_Problem statement_.
With the records below as your source, retype each line exactly from the top down to the line that contains "Land Rover Discovery", and include that line.

_Provided data_.
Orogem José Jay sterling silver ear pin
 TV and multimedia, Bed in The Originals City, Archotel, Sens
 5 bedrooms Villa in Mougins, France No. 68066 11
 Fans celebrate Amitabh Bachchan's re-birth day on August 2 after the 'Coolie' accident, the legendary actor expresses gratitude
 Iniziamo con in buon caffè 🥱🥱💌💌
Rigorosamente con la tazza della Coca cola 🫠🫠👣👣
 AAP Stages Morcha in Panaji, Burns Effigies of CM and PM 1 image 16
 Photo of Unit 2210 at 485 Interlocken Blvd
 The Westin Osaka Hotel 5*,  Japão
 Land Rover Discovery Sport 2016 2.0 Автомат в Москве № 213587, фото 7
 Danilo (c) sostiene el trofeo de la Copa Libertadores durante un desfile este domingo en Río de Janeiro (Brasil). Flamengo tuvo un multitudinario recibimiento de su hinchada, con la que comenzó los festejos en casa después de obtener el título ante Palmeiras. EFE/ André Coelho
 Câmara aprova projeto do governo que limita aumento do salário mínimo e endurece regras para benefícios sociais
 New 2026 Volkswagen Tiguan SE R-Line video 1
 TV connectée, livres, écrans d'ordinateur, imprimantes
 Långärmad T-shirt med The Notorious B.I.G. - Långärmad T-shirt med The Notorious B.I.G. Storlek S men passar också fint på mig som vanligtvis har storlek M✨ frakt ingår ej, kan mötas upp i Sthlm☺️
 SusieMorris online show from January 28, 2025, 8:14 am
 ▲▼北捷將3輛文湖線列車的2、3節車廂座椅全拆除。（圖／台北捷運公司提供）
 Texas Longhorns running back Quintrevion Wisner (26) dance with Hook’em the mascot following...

_Solution_.
Orogem José Jay sterling silver ear pin
 TV and multimedia, Bed in The Originals City, Archotel, Sens
 5 bedrooms Villa in Mougins, France No. 68066 11
 Fans celebrate Amitabh Bachchan's re-birth day on August 2 after the 'Coolie' accident, the legendary actor expresses gratitude
 Iniziamo con in buon caffè 🥱🥱💌💌
Rigorosamente con la tazza della Coca cola 🫠🫠👣👣
 AAP Stages Morcha in Panaji, Burns Effigies of CM and PM 1 image 16
 Photo of Unit 2210 at 485 Interlocken Blvd
 The Westin Osaka Hotel 5*,  Japão
 Land Rover Discovery Sport 2016 2.0 Автомат в Москве № 213587, фото 7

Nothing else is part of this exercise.